> Exercise prompt: Pictures in the data should be dropped; transcribe exactly the lines from the one that has "Imagen de la" through the one that has "Decorative wall art".

> Task data:
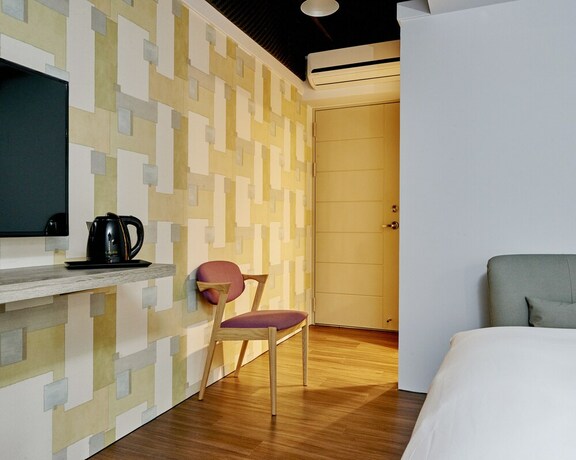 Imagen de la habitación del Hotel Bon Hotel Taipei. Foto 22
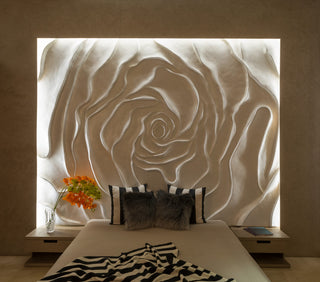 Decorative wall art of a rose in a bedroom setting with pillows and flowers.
---
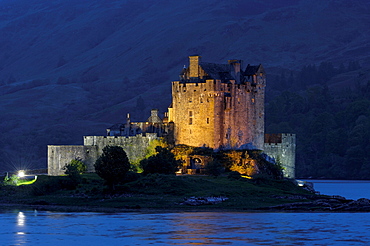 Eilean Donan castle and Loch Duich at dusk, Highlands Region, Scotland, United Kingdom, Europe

> Final answer:
 Imagen de la habitación del Hotel Bon Hotel Taipei. Foto 22
 Decorative wall art of a rose in a bedroom setting with pillows and flowers.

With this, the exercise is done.